THE PROBLEM: Output must consist only of the lines of the material below from the one with "Image 1 of Satz" through the one with "Modern Durable Solid", each reproduced exactly; no pictures belong in it.
RAW DATA START
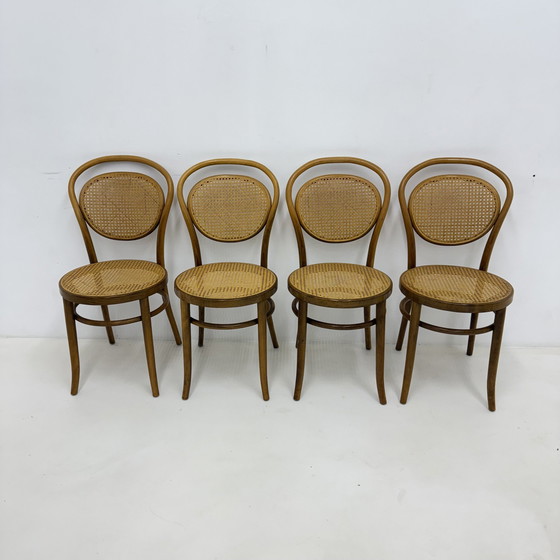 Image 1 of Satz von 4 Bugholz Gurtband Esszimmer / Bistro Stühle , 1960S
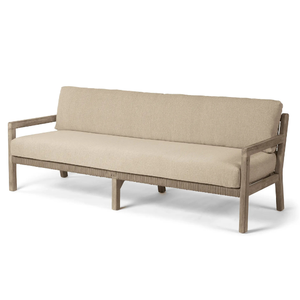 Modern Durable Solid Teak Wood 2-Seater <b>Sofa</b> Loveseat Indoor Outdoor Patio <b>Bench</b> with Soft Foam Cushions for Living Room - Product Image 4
RAW DATA END
RAW DATA START
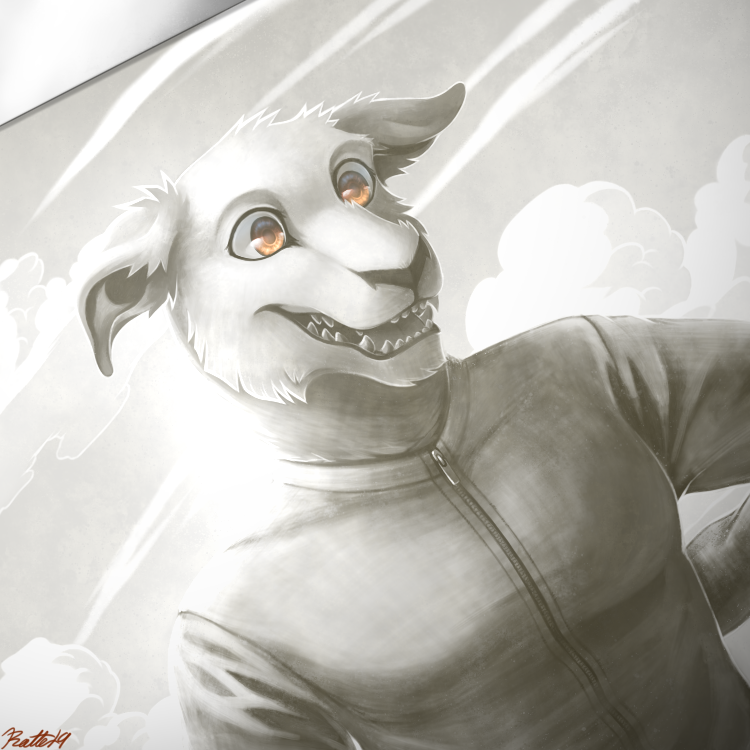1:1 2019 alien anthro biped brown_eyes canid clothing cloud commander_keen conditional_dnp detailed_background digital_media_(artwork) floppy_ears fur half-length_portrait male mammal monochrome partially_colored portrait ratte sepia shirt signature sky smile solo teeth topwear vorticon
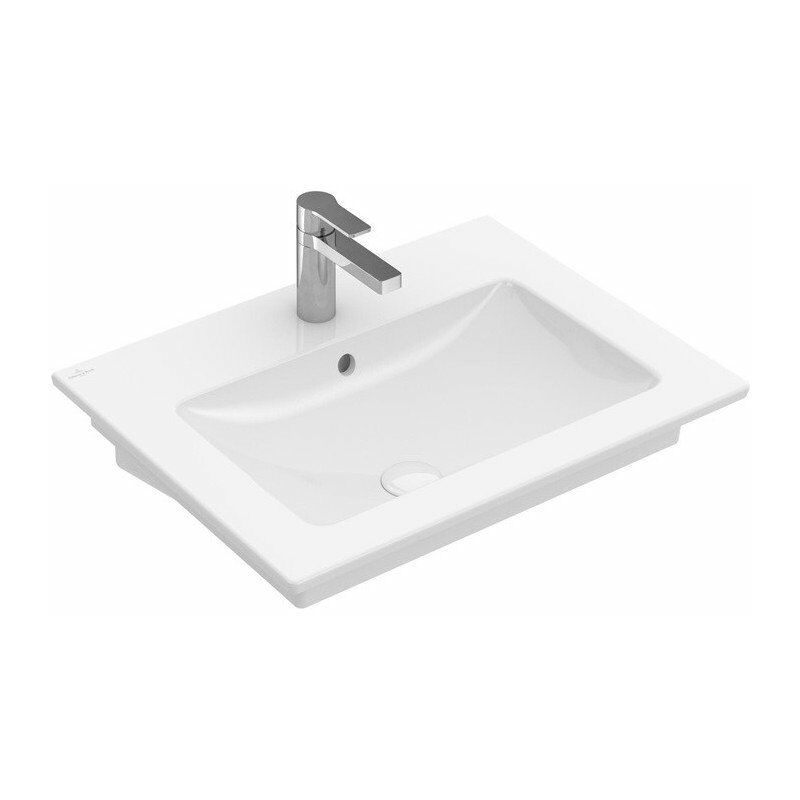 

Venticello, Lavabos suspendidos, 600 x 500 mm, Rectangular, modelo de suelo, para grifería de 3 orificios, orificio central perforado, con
RAW DATA END
RAW DATA START
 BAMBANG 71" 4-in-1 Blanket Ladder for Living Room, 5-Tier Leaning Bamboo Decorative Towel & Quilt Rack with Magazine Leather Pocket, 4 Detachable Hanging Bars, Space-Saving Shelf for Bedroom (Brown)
RAW DATA END
EXERCISE RESPONSE:
 Image 1 of Satz von 4 Bugholz Gurtband Esszimmer / Bistro Stühle , 1960S
 Modern Durable Solid Teak Wood 2-Seater <b>Sofa</b> Loveseat Indoor Outdoor Patio <b>Bench</b> with Soft Foam Cushions for Living Room - Product Image 4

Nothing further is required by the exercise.